In a blender or food processor add in 2 cloves of garlic (you can add less if you don't like garlic). Next add in your soy sauce and give this a whiz. Next add in your peanut butter, 2 tablespoons of hot water, lime juice, a pinch of salt, and your tamarind paste. I like my peanut sauce to have some kick so I added in a total of 3 Thai chilis with the seeds scooped out. Be sure to taste your peanut sauce every step of the way. If you think that it's too thick add in more hot water if you find that it needs more of a zing add in some extra lime juice. Just keep tasting it until you're happy with the spice level and seasoning. Blend everything till it is nice a smooth. The sauce shouldn't be runny, nor should it be very thick. It should be easy to drizzle.

3

In a skillet that is lightly oiled, fry up the tempeh and tofu making sure that they get crispy on both sides. I like my tofu and tempeh slightly on the thin side but you can make them as thick as you like. During the cooking process add in a splash of soy sauce to add additional flavour.

4

For the vegetables it's really simple. In a large pot filled with water, add in a pinch of salt and boil your vegetables one at a time.

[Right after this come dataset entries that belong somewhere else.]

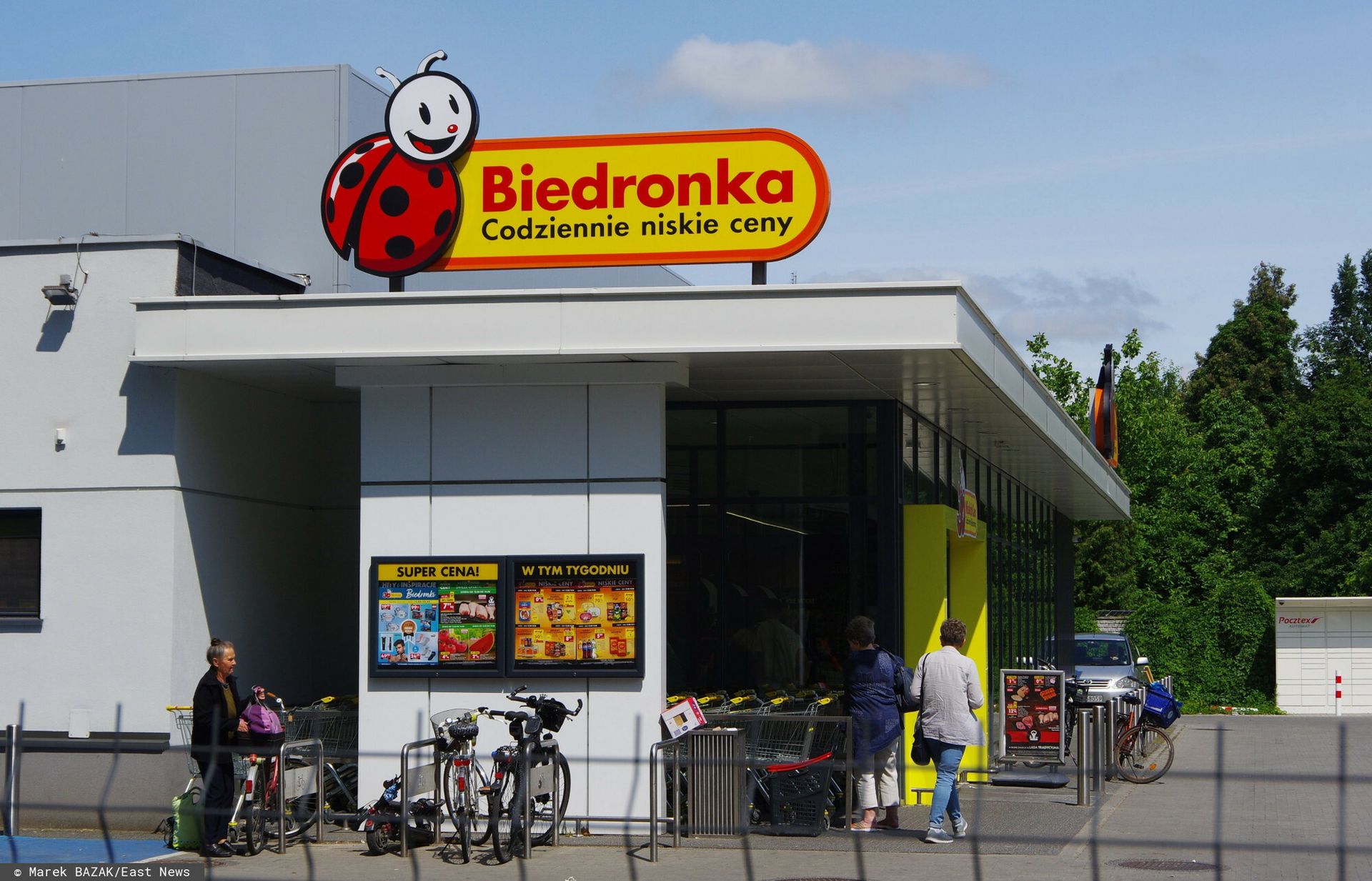 Biedronka zmienia godziny otwarcia. W tych miejscach czynna całą dobę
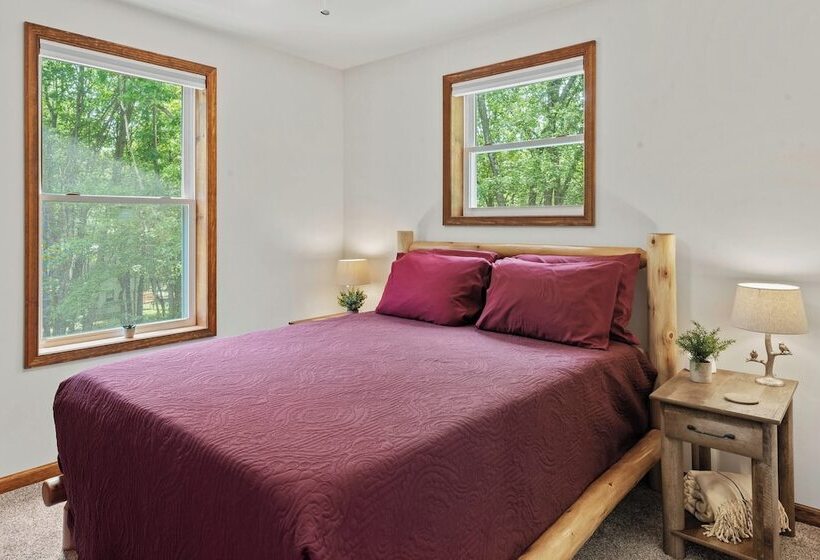 Maple Oasis By Avantstay Newly Built W/ Hot Tub, Game Room & Fire Pit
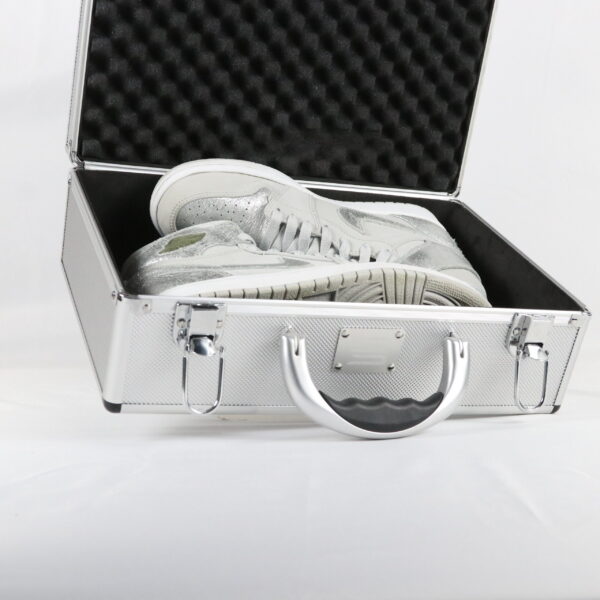 Jordan 1 Retro Silver Anniversary - 41
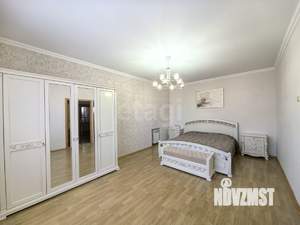 Дом 226м&sup2;, 2-этажный, участок 6 сот.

The carrots will take the longest to boil, the broccoli should only take a few minutes, and the cabbage will take anywhere from 5 to 7 minutes to become tender. I like my vegetables a little bit more on the crunchy side but you can but cook them for as long as you like.

5

Now it's time to assemble! In a bowl scoop in some rice, add in your of cooked vegetables, over that sprinkle your tofu and tempeh and then finish off with a generous drizzle of your peanut sauce. If you like top it off with some spring onion.